Scraper Development Skill
Overview
This skill guides you through creating new property scrapers for the brickston-ai competition analysis system.
File Locations
- •Scrapers:
apps/api/app/data/scrapers/ - •Provider Base:
apps/api/app/data/scrapers/providers/ - •Orchestrator:
apps/api/app/data/scrapers/scraper_orchestrator.py - •Factory:
apps/api/app/data/scrapers/scraper_factory.py - •Config:
apps/api/app/core/scraper_config.py
Creating a New Provider
Step 1: Create Provider File
Location: apps/api/app/data/scrapers/providers/<source>_provider.py
python
from typing import List, Optional
import httpx
from app.data.scrapers.providers.base_provider import BaseProvider
from app.data.scrapers.models import ListingData
from httpx import ProxyError
class NewSourceProvider(BaseProvider):
"""Scraper for newsource.com listings."""
SOURCE_NAME = "newsource"
BASE_URL = "https://newsource.com"
async def scrape(self, proxy_url: Optional[str] = None) -> List[ListingData]:
"""Scrape listings from the source."""
listings = []
try:
async with httpx.AsyncClient(proxy=proxy_url, timeout=30.0) as client:
response = await client.get(f"{self.BASE_URL}/api/listings")
response.raise_for_status()
data = response.json()
for item in data.get("listings", []):
listings.append(self._parse_listing(item))
except ProxyError as e:
# Retry without proxy
self.logger.warning(f"Proxy failed, retrying without: {e}")

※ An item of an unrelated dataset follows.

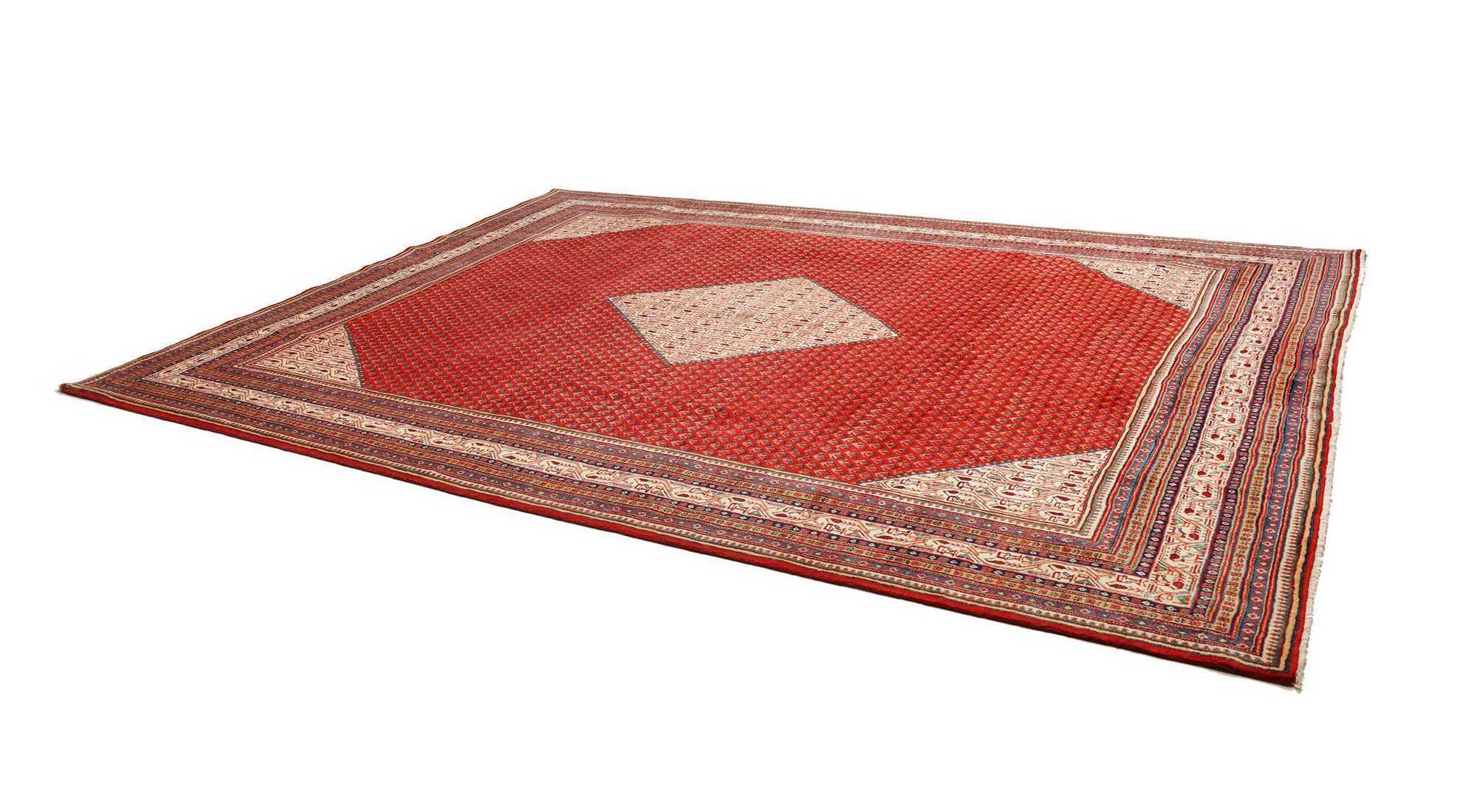 Sarough Mir | 385 x 287 cm | Nr. 12-436652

return await self.scrape(proxy_url=None)
except Exception as e:
self.logger.error(f"Scrape failed: {e}")
raise
return listings
def _parse_listing(self, raw: dict) -> ListingData:
"""Parse raw listing data into standardized format."""
return ListingData(
source=self.SOURCE_NAME,
external_id=raw.get("id"),
address=raw.get("address"),
city=raw.get("city"),
state=raw.get("state"),
zip_code=raw.get("zip"),
price=raw.get("rent"),
bedrooms=raw.get("beds"),
bathrooms=raw.get("baths"),
sqft=raw.get("sqft"),
url=raw.get("url"),
)
Step 2: Register in Factory
Edit apps/api/app/data/scrapers/scraper_factory.py:
python
from app.data.scrapers.providers.newsource_provider import NewSourceProvider
PROVIDERS = {
# ... existing providers
"newsource": NewSourceProvider,
}
Step 3: Add to Orchestrator (Optional)
If the scraper should run in nightly jobs, add to orchestrator config.
Error Handling Patterns
Proxy Error Recovery
Always implement proxy fallback:
python
except ProxyError as e:
self.logger.warning(f"Proxy failed for {self.SOURCE_NAME}, retrying without proxy")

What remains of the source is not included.